### DATA EXCERPTS
━━━━━━━━━━━━━━━━━━━━

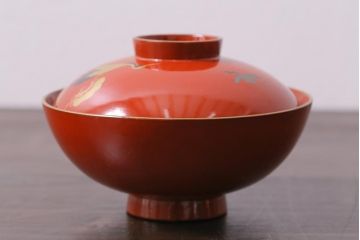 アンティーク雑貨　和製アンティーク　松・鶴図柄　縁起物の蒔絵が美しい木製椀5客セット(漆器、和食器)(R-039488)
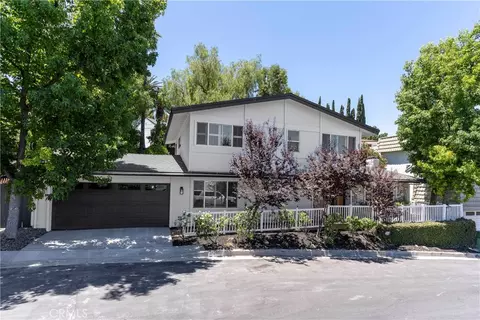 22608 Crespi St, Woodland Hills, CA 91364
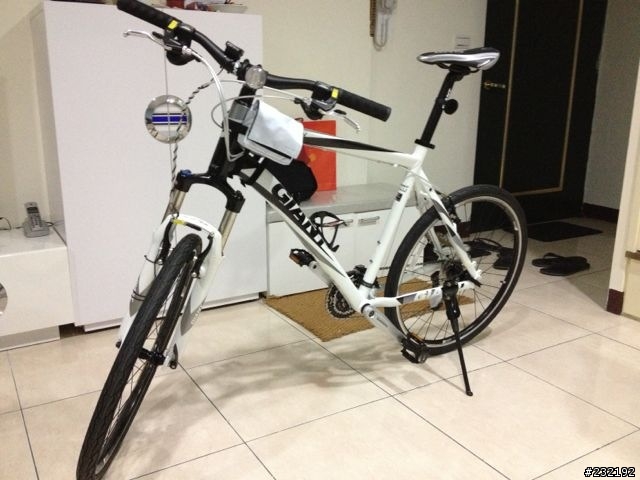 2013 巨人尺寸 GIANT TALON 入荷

━━━━━━━━━━━━━━━━━━━━

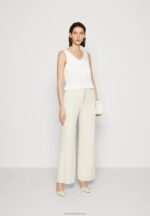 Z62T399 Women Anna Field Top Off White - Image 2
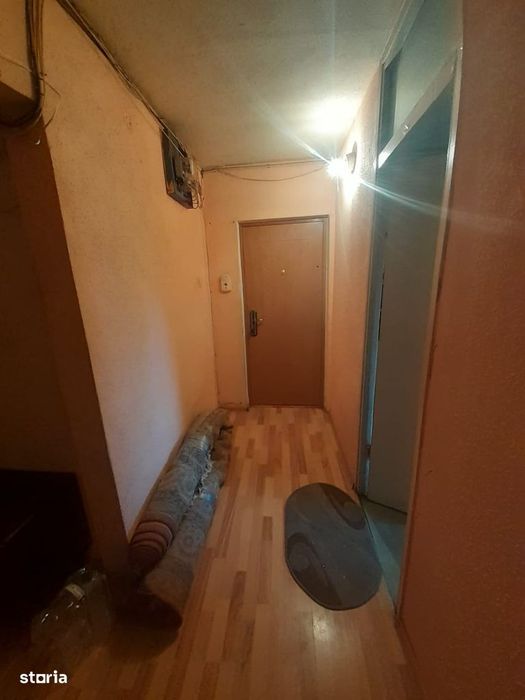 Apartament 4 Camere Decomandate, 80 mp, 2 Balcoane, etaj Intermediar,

━━━━━━━━━━━━━━━━━━━━

### WHAT THIS TASK INVOLVES
Starting with the line above that holds "アンティーク雑貨　和製アンテ", restate each line word for word up to and including the line that holds "2013 巨人尺寸 GIANT TALON 入荷". Drop the pictures.

### ANSWER
 アンティーク雑貨　和製アンティーク　松・鶴図柄　縁起物の蒔絵が美しい木製椀5客セット(漆器、和食器)(R-039488)
 22608 Crespi St, Woodland Hills, CA 91364
 2013 巨人尺寸 GIANT TALON 入荷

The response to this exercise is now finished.